30/11/22

Nomadland - Sobreviver na América

 


Depois de décadas a trabalhar numa empresa de materiais de construção, Fern, de 60 anos, é despedida. Sem nada que a prenda à pequena cidade do Nevada onde sempre viveu com o seu falecido marido, resolve vender todas as suas posses e fazer-se à estrada. Ao longo do caminho, vai-se cruzando com nómadas como ela, que lhe ensinam várias técnicas de sobrevivência e cuja amizade e generosidade vai alterar a sua forma de olhar o mundo.
Com Frances McDormand como protagonista, um filme dramático escrito e realizado pela chinesa Chloé Zhao (“The Rider” e “Songs My Brothers Taught Me”), que tem por base “Nomadland: Surviving America in the Twenty-First Century” (2017), um livro autobiográfico onde Jessica Bruder conta a sua história. McDormand contracena com o actor David Strathair e também com Linda May, Swankie e Bob Wells, três nómadas na vida real que se representam a si mesmos. Vencedor do Leão de Ouro no Festival de Cinema de Veneza e do Prémio do Público do Festival Internacional de Cinema de Toronto (TIFF), recebeu também os Globos de Ouro de melhor filme dramático e melhor Realização, fazendo de Chloé Zhao a segunda realizadora a ganhar este prémio (a primeira foi Barbra Streisand, em 1984, por “Yentl”). Foi o grande vencedor do Critics Choice Awards, ao arrecadar quatro prémios: melhor filme, realizador, argumento adaptado e fotografia (Joshua James Richards). Nos Óscares, foi premiado nas categorias de melhor filme, realizador e actriz principal (McDormand). 
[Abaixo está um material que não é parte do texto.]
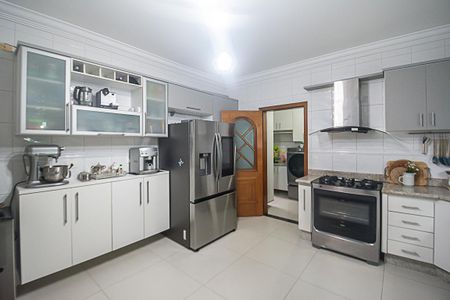 Casa à venda com 296m², 4 quartos e 4 vagasCozinha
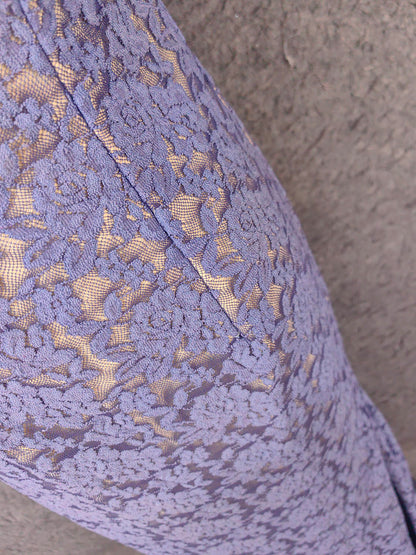 Elegantes langes Ballkleid P4644 aus Spitze in Lila mit herzförmigem Ausschnitt und Beinschlitz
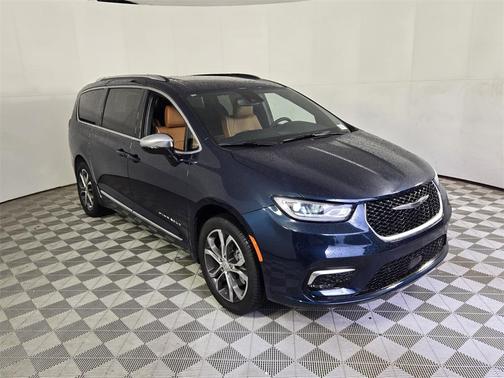 2025 Chrysler Pacifica Pinnacle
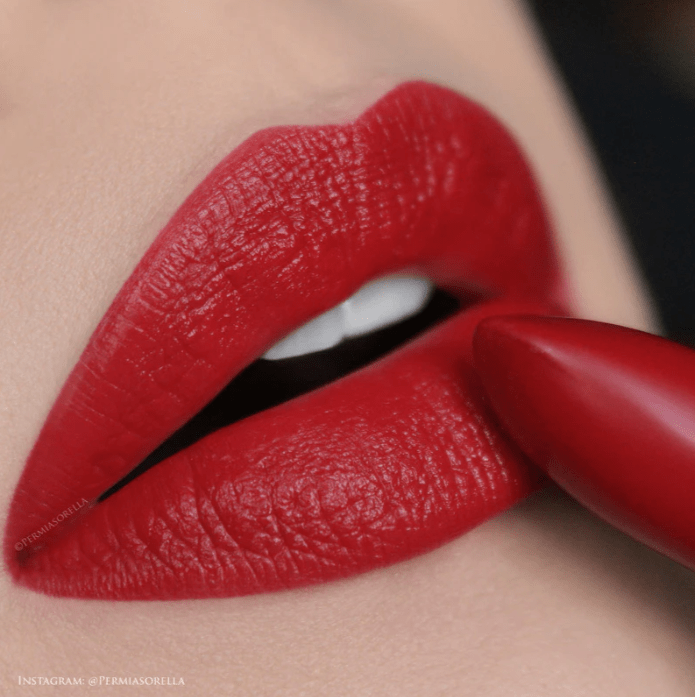 Youngblood Vixen - Cool-toned Red Youngblood Mineral Creme Lipstick 4g Lipsticks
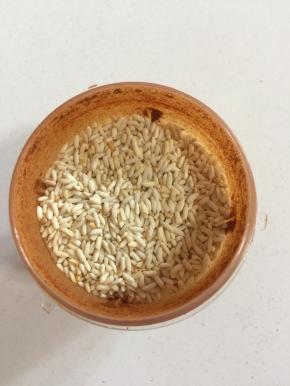 再将大米一起放入杯中打成粉末，这样还能将八角桂皮打得更细腻些！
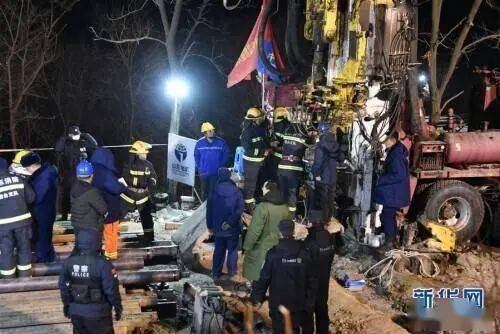 密部化工一费人塔现料聘,深度解析与探索,密部化工一费人塔现料聘,深度探索与解析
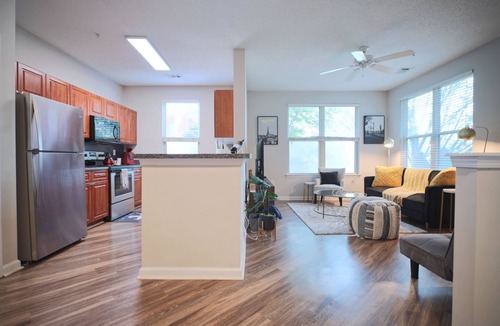 Home Park House | *Home Away From Home in Midtown/Atlantic Station*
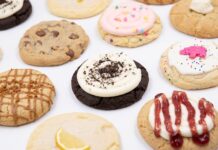 Crumbl Cookies Llega a Tucson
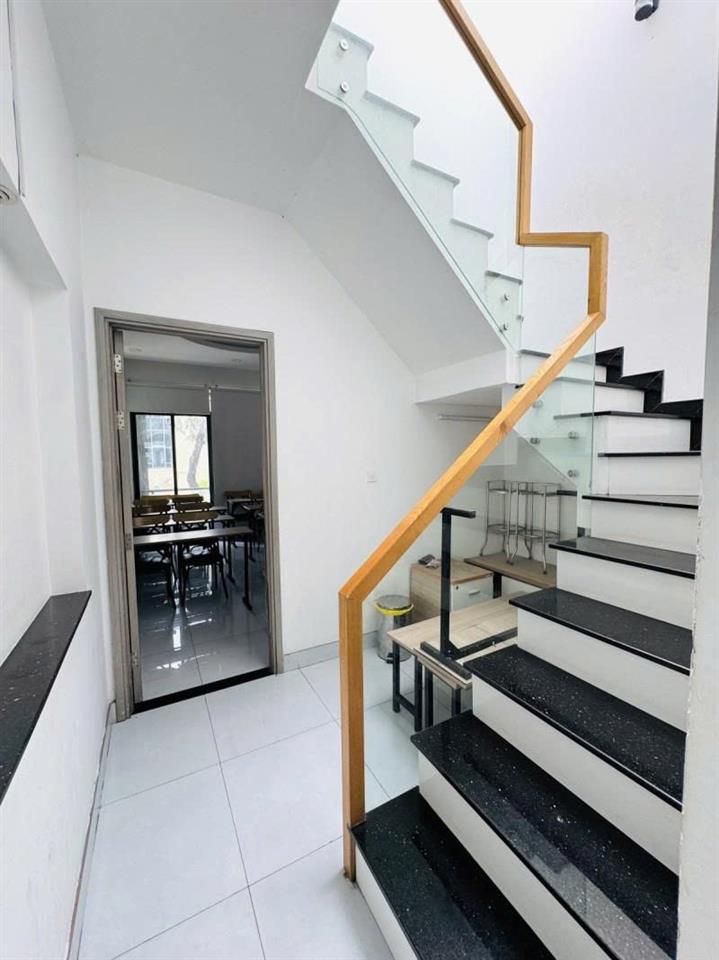 Hạ sân 3 Tỷ, Bán gấp nhà Mặt tiền Võ Thị Sáu gần Trương Định, 3,5x16m, 3 Tầng, còn 11,9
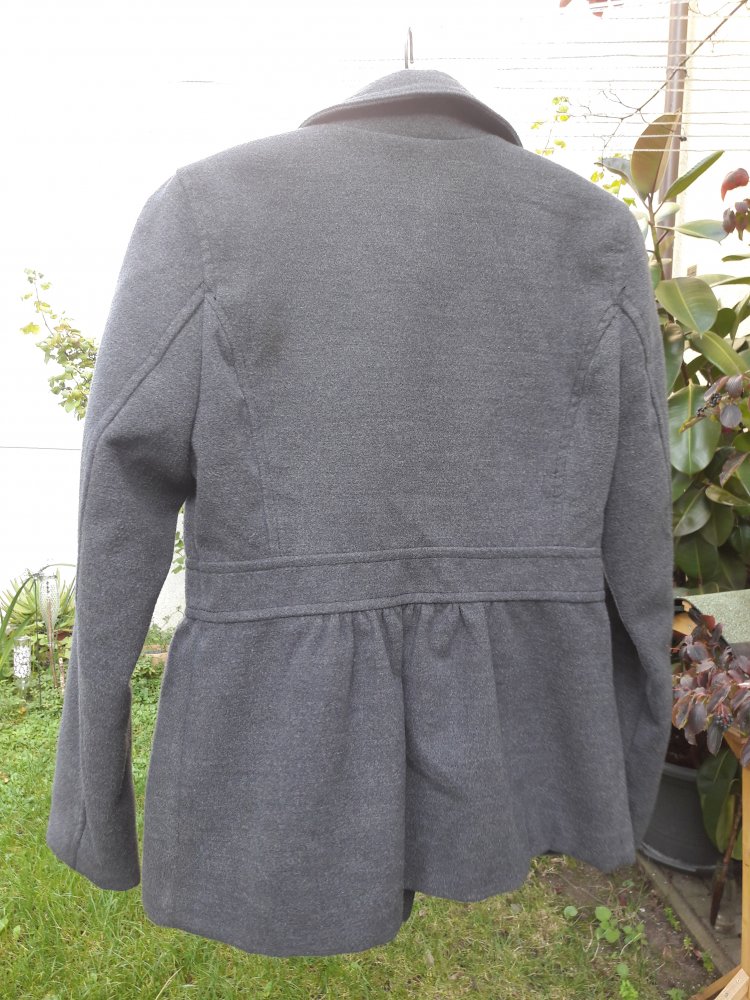 Jacke für Herbst/Winter Gr. 40 dunkelgrau getragen - TOP-Zustand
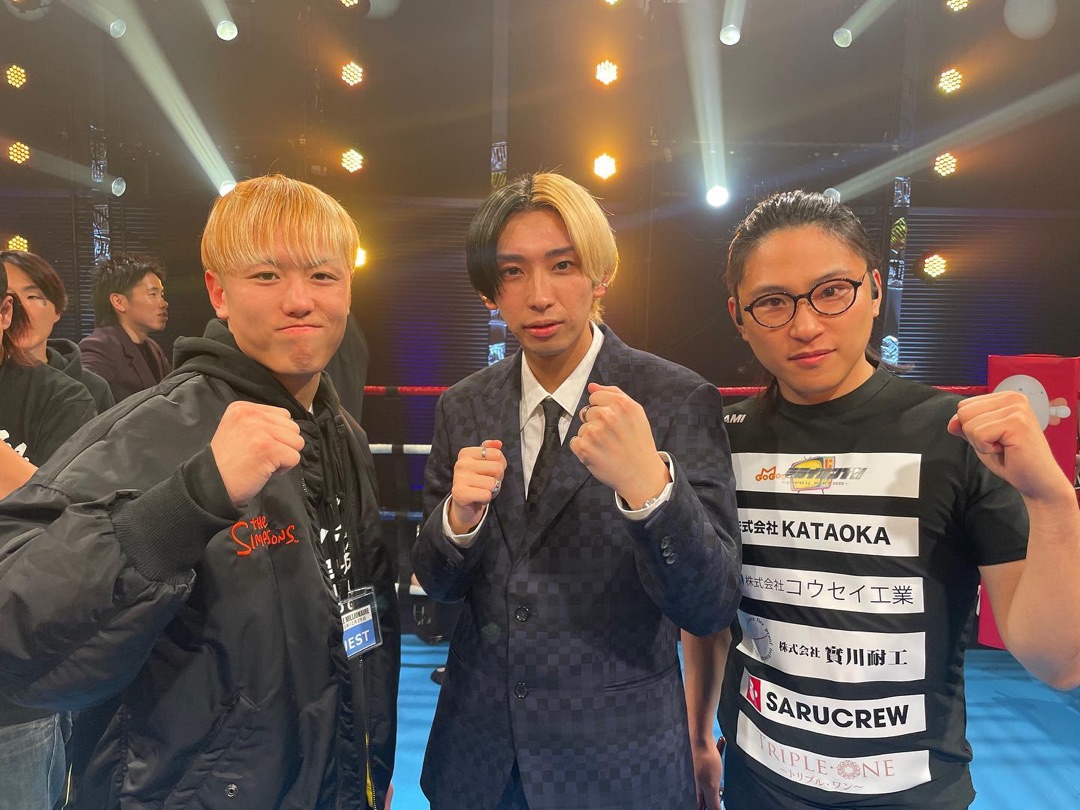 Yoshikawa ringside with guests after a fight
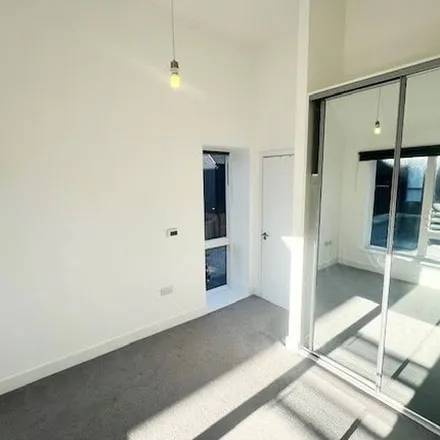 Image 1 - 10 Royal Birkdale Gardens, Chelmsford, CM3 3GF, United Kingdom - Apartment for rent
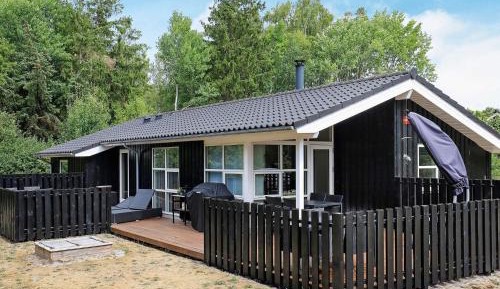 Four-Bedroom Holiday Home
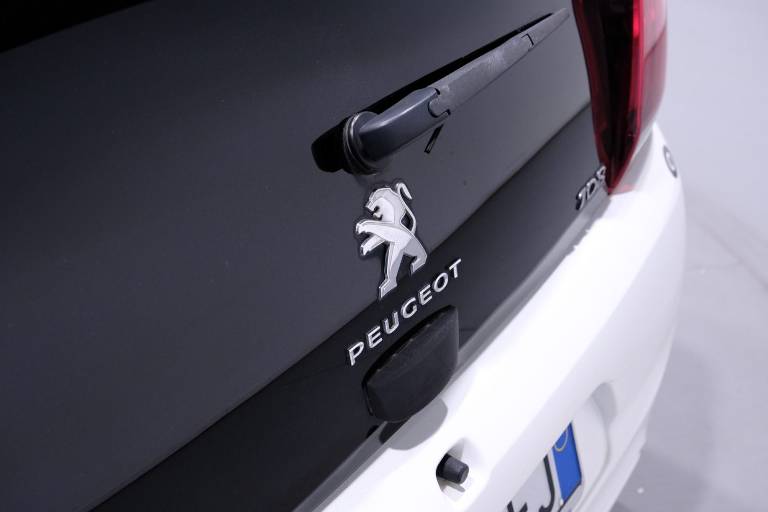 PEUGEOT 108 48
Fonte: Jornal PÚBLICO (Portugal)



Apreciação
Nomadland - Sobreviver na América, é o primeiro filme que vejo numa sala de cinema em 2021. É um filme soberbo, com uma banda sonora de excelência. O filme é uma história de pessoas para pessoas. Pode-se até pensar que é uma história de velhos para velhos. Uma coisa é certa, quase todos lá chegaremos. Esta é também uma história da América para o mundo refletir e muito. Pode tocar-nos a todos. Nada nesta vida pode ser dado como adquirido. Nada sabemos o que nos pode acontecer no amanhã.
Dou-me a pensar que este filme é mais tipo documentário de uma história de vida na primeira pessoa numa América cheia de abismos existenciais. É uma história de nómadas de caravanas que poisam aqui e acolá temporariamente sobrevivendo com os meios que possuem. Retrata preto no branco a dura realidade de quem viaja pelo Oeste dos Estados Unidos e vive de empregos temporários mal pagos e faz disso a única fonte de rendimento. É um filme que faz do tempo uma plataforma de encontros e desencontros, de poeira, de céus estrelados e de fogueiras comunitárias onde se exorciza todos aqueles que já partiram.  Aqui confia-se simplesmente no tempo, não existem planos de vida. Cada dia é para ser vivido e/ou partilhado com o vizinho da caravana ao lado. Aqui o amor tal como o conhecemos parece estranho, pelo menos apresenta-se de uma forma pouco convencional. É um filme de silêncios, de imagens longínquas, distantes, gélidas, quase sempre sombreadas, como se a velhice seja isso mesmo, uma sombra negra do que está para vir. É um filme onde a tristeza se sente, que incomoda. É um filme que nos faz pensar na nossa existência, para que servirá os nossos sacrifícios.  É um filme em que a fraternidade, a partilha e troca de bens nos comove.  É um filme de liberdade e de anti-sistema, de contra normas sociais.  É um filme de sobrevivência, onde estamos quase todos nas mãos de grandes multinacionais que exploram ao seu belo prazer os trabalhadores, fazendo deles puros escravos em troca de uns miseráveis dólares. Mas na América deste filme os dramas da sociedade são a normalidade de uma anormalidade de uma América que olha para o seu umbigo e coloca o lixo social para debaixo do tapete. 
Excelente filme com uma representação de excelência, premiada pelas circunstâncias. Resta saber se esta América representada no filme alguma vez mudará, pelo menos nas próximas décadas.